歴史は街にその爪痕を残し語り継がれてゆくものです。八王子は東京都心部に対し、地理的にも都市機能的にもサテライトとしての位置関係をベースとして発展してきた街です。江戸時代には、甲州街道に沿って横山宿、八日市宿、八幡宿を含め15を配する宿場町であり、併せて織物産業が盛んでした。その後、街にはトラムと呼ばれる路面電車が走り、レンガの生産地としても知られていました。2009年には「江戸・東京まちなみ情緒の回生事業」に選定され、花街黒塀通りの石畳舗装・外壁の黒塀風塗装・街灯の整備などが行われることとなりました。
一方で現在の八王子は「三年以内に転出してしまう若年層が多い」という問題があります。銭湯がこの問題に対して少なからず役に立つことができないかというのが、改修設計のテーマとなりました。銭湯に通うことで街に対する愛着と記憶を持ちながら、古くから住む街の人々と交流する。地域との繋がりが希薄になった現代において銭湯はそのような役割を担うことができます。そのような考えから、設計コンセプトを「時をつなげる銭湯」とし、これまで八王子の街を彩り象徴してきた「レンガ」「黒塀」「路面電車」イメージを内外装に取り入れました。

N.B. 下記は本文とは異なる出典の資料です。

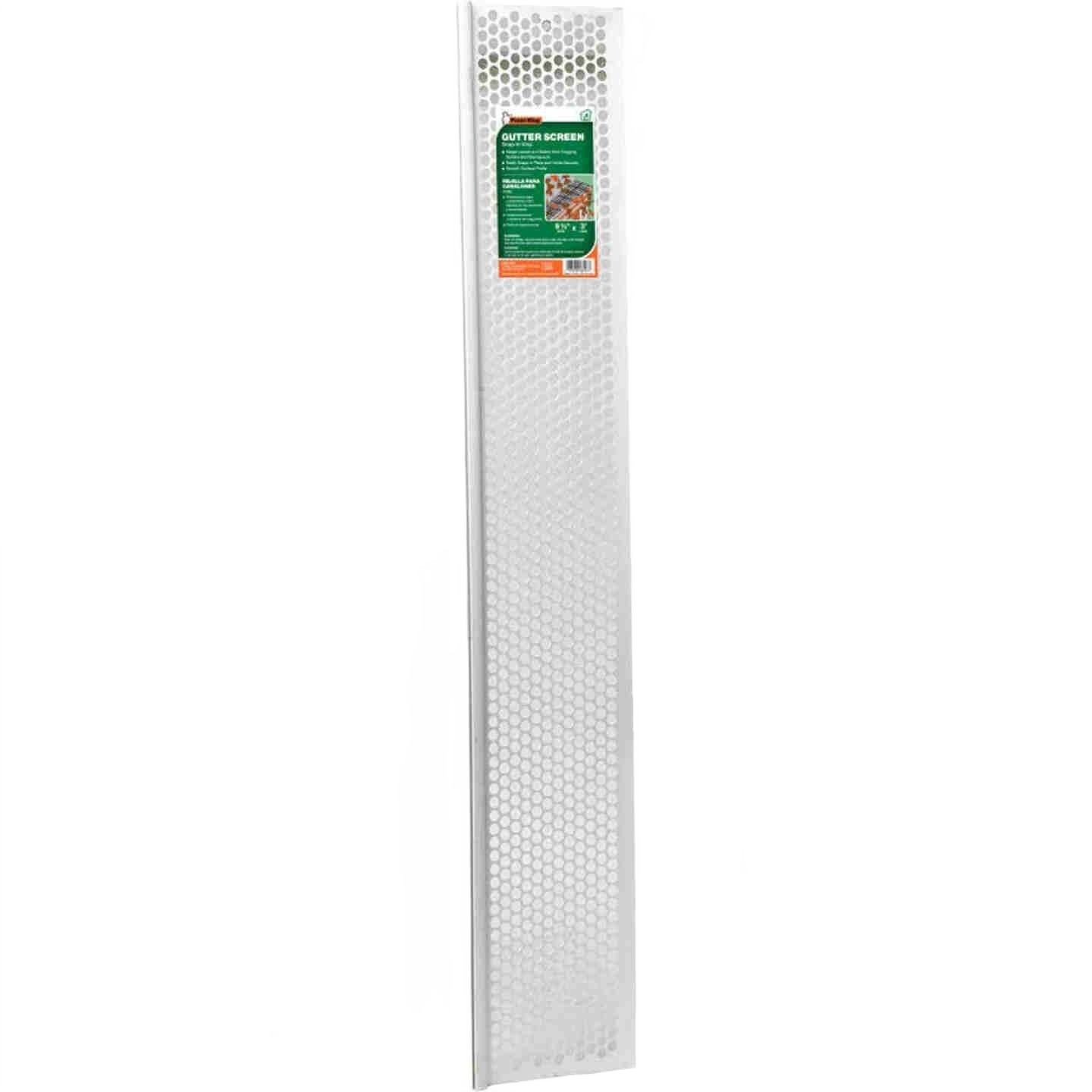 White vinyl snap-in gutter screen with perforated design for debris protection in home improvement projects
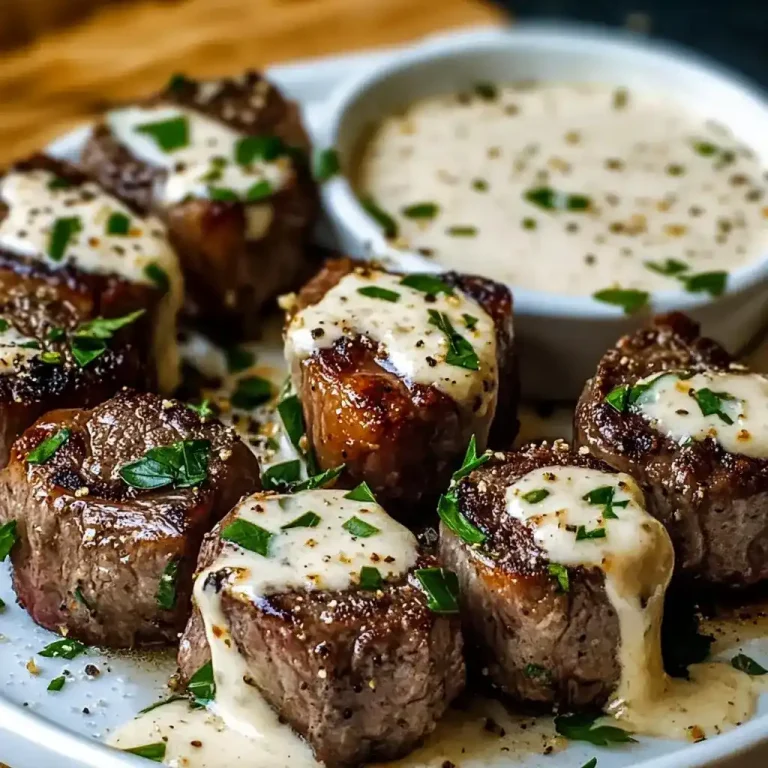 Garlic Butter Steak Bites with Parmesan Cream Sauce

新しい松の湯が完成するまでに、実は様々な紆余曲折(他業態に鞍替えするなど含めた建築計画)がありましたが、結果的に五十年以上この地に建ち続けている木造の構造体自体をそのまま残し、リノベーションすこと自体も「時をつなぐ」意味を持つことになりました。更新と刷新を続ける現代の日本社会にあって、地域に対する愛情を育む場として松の湯が機能することができれば、それはまさに現代における銭湯のひとつの理想像となると言えます。